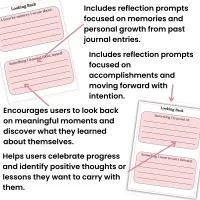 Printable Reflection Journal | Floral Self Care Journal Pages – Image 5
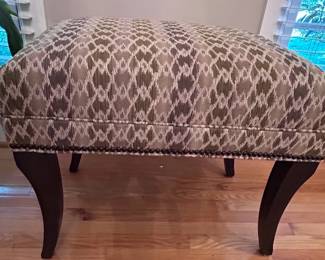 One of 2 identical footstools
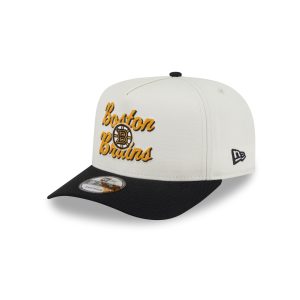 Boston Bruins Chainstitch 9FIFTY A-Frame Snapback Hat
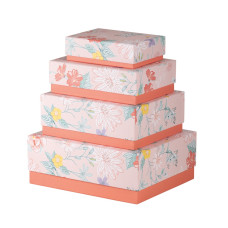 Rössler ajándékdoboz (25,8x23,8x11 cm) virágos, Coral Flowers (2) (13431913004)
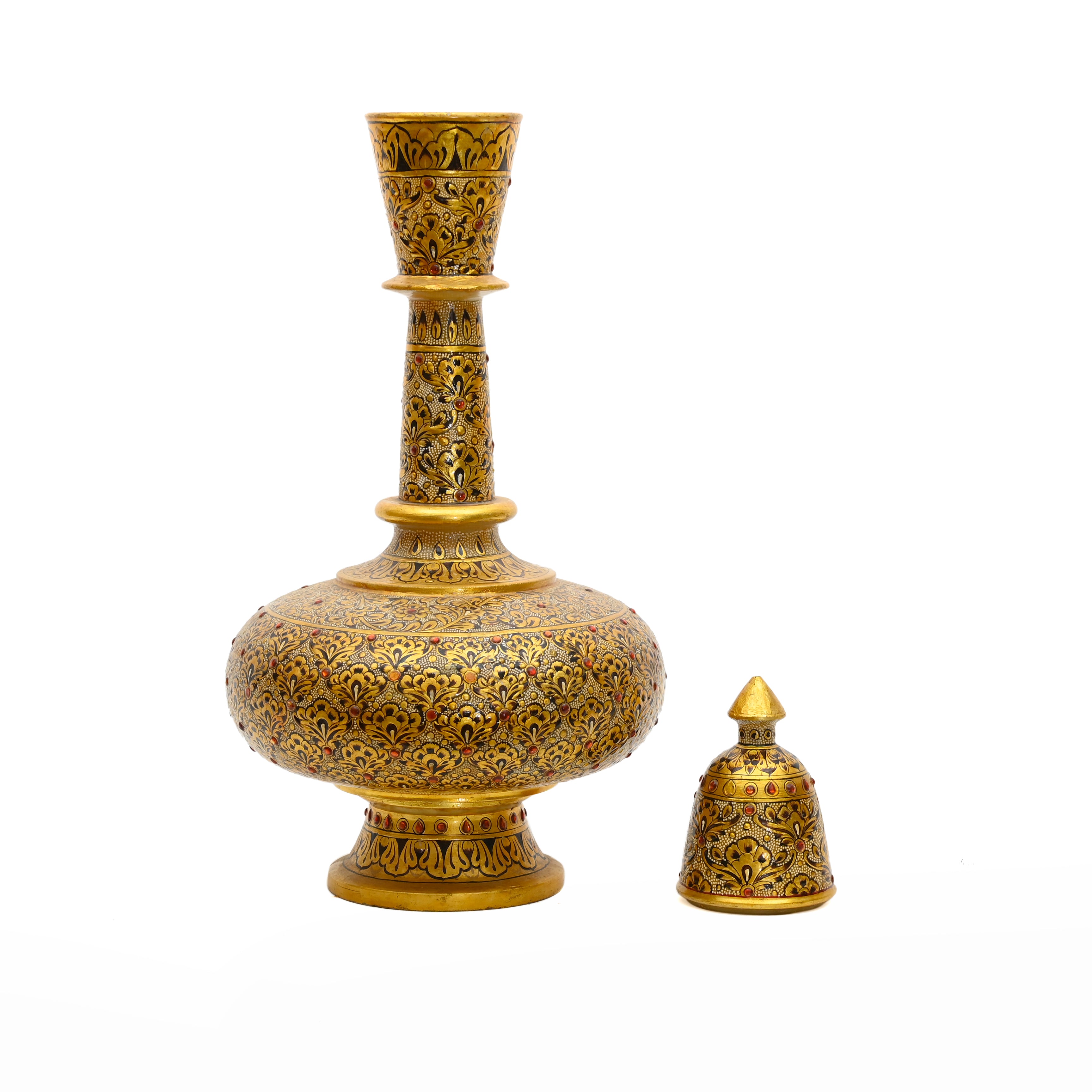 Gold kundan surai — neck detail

...

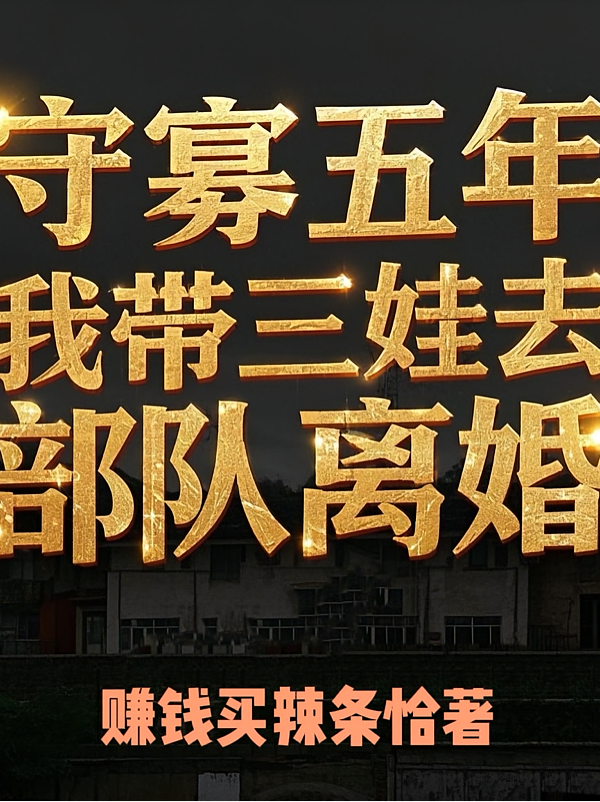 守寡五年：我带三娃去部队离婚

* **What is required**: Exact copy, pictures excluded: from the line with "Printable Reflection Journal" up to and including the line with "Gold kundan surai — neck detail" in the data above.

* **Task output**:
 Printable Reflection Journal | Floral Self Care Journal Pages – Image 5
 One of 2 identical footstools
 Boston Bruins Chainstitch 9FIFTY A-Frame Snapback Hat
 Rössler ajándékdoboz (25,8x23,8x11 cm) virágos, Coral Flowers (2) (13431913004)
 Gold kundan surai — neck detail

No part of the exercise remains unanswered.